Life & Events > Boring > Wanna Talk?
 

Wanna Talk?



When I started blogging last summer, everything and anything seemed like a good blogging topic. A trip to the park, a conversation with T, a session with M and Michael, even frustration with blogster, itself. It was all fair game and I blogged constantly, sometimes posting two or three times in one day. It was almost like the cap on my brain had been opened, or at least loosened somewhat, and my thoughts and words were pouring out of me. It felt amazing to be writing again, even if it was just trivial nonsense or emotions fresh from my heart, without a moment to age before fingers hit keys and words were sent hurtling into cyber space for anyone to read.
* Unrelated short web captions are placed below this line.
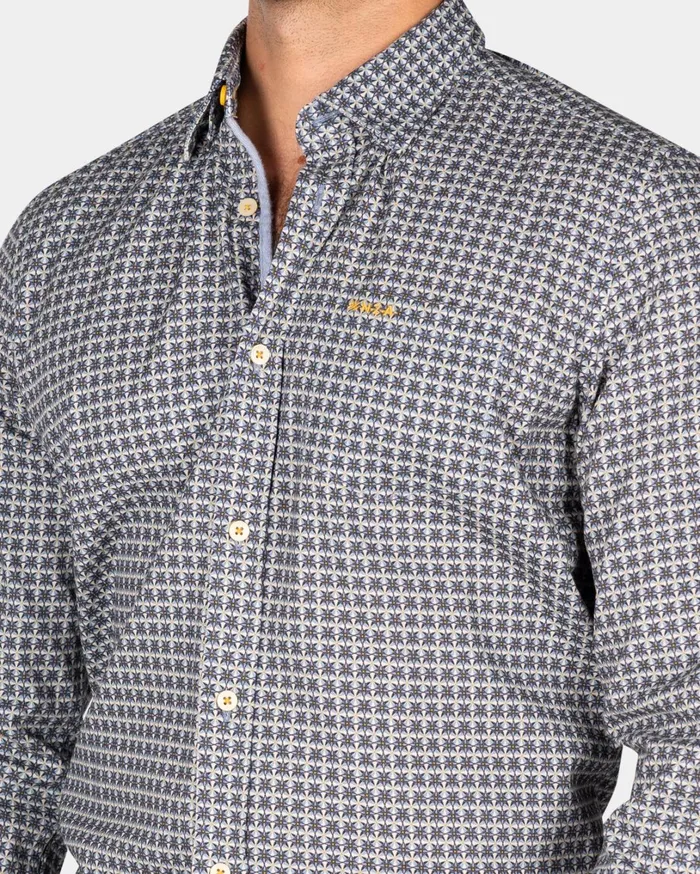 Men Shirts NZA New Zealand Auckland Beige Shirt With Blue Pattern 8211 Chestnut Men Shirts NZA New Zealand Auckland Beige Shirt With Blue Pattern 8211 Chestnut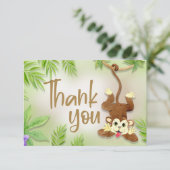 Jungle Animals Monkey Baby Boy Dusche Vielen Dank Dankeskarte (Stehend Vorderseite)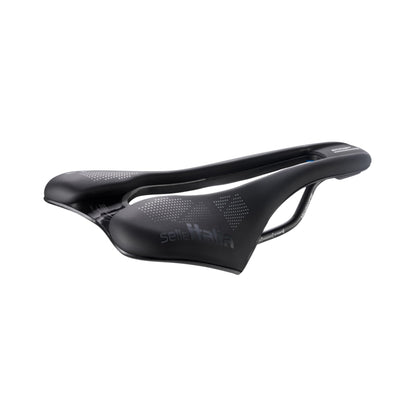Selle Italia SLR Boost TM Superflow - Bicycle saddle with classic SLR design, comfortable gel road bike saddle and Superflow cutout, carbon fiber shell, 2.48L x 1.3W m
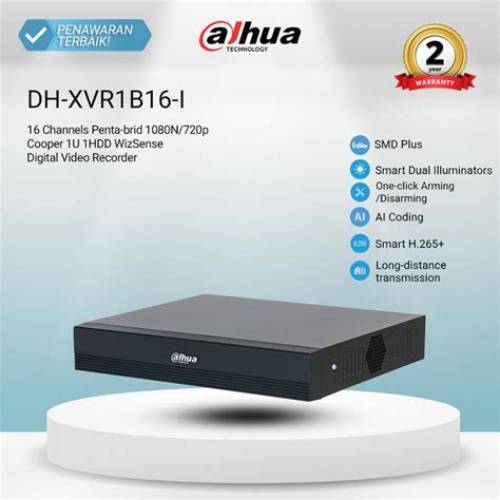 Grabador XVR Dahua Cooper DH-XVR1B16-I/T de 16 Canales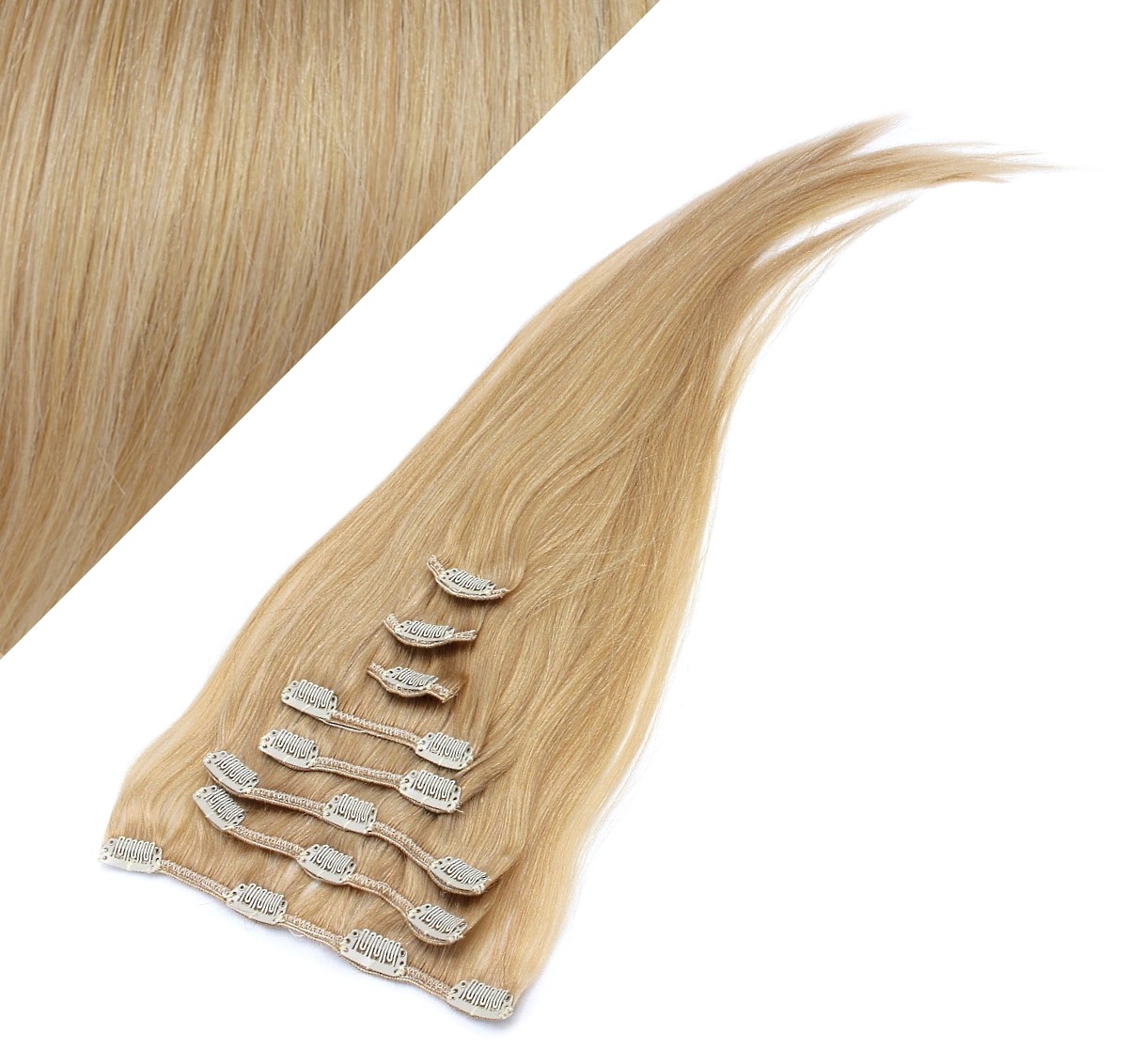 Human hair extensions top clip on blonde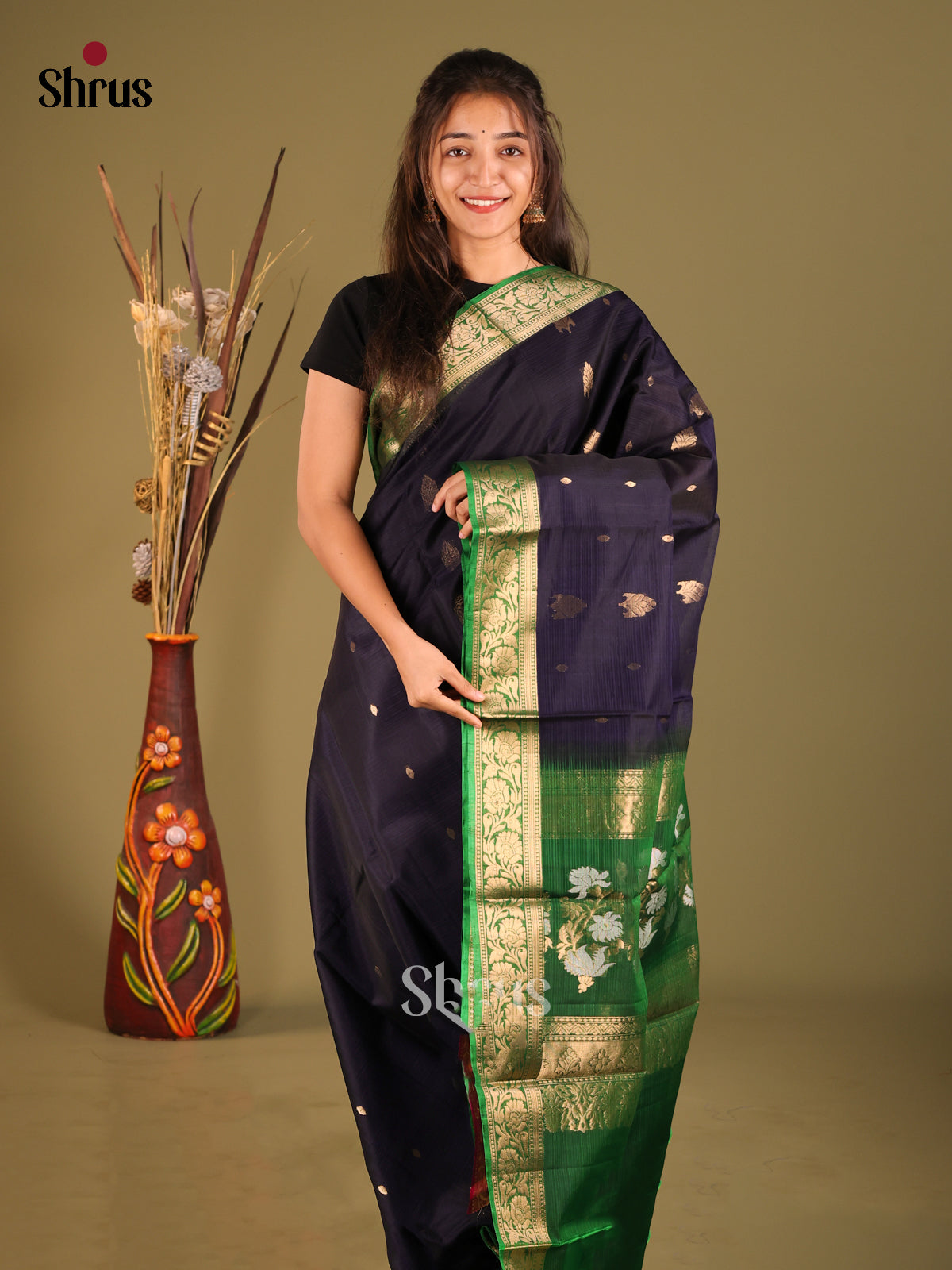 Blue & Green Silk Cotton Saree with rich zari border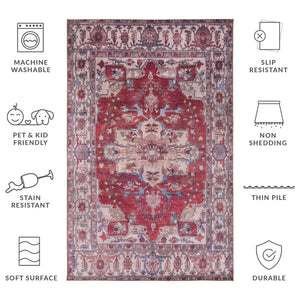 Safavieh Tucson Traditional Style Area Rug - Elegant Dark & Light Gray Design For Timeless Home Decor Red ,Beige Polyester Pile Tsn106q-216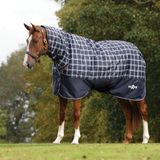 Weatherbeeta Outdoor paardendeken met afneembare halsbedekking Saxon Defiant 600D Combo 300g Blauw/marine plaid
I thrived on the feedback…the comments and emoticons and the new faces and stories I was meeting on-line. I loved writing something and reading someone else’s thoughts on the topic at the bottom of the page. It was a rush to see the number of visitors grow a little bit each day and I was perpetually checking my blog to see who had stopped by. I was also reading blogs like they were going out of style and adding people to my buddie’s list so that I wouldn’t have trouble finding them again. I read with anticipation each day and lived to find out, “what happened next”.

So why is that I am having such great difficulty finding something to write about these days? My posts are far and few between. I used to have a sentence float through my head…that’s how an article would start…and then I’d stew on it for a while until the words were my own and I felt confident tapping them out. One line is all it would take for an article to be born.

Now I struggle to find a word or two.

And while I really feel as though I * should * be blogging and while it isn’t for lack of stuff going on here in Janet Land, I still let the days pass without even logging onto mybloggers. I have managed to bang out two pretty shitacular posts about nothing since I returned to Canada over two weeks ago and even that has been a stretch.

And as for reading…well, I’m embarrassed to say that I haven’t read anyone in those two weeks. Longer, actually, since I didn’t read while I was lost in America, either. So, more like three and a half weeks. Yikes.

I have no excuse. I really don’t. I am going to get back onto the blogging wagon, I swear to Dog!

So, um, what do you want to talk about?

Wanna talk about how the girls have learned how to play outside by themselves this summer so I am constantly hearing the side door open and close a thousand and two fucking times a day? It drives me mad, it does. There it goes again. Just as I type that. They also have a great tendency to come inside when their brother goes down for a nap. If he’s awake, they bug me to go outside. As soon as he goes down for the nap, I hear that blasted side door opening and closing again as both girls come meandering inside (there it goes again, I kid you not!), the breezeway messy and disgusting. Their new favorite game to play outside is grocery store. They take boxes out of the recycling bins and lay them out, around the breezeway. Then they take old strollers and pretend that they are shopping carts and they proceed to grocery shop together. That’s right…my kids play with garbage. Can’t get much more white trash than that, eh?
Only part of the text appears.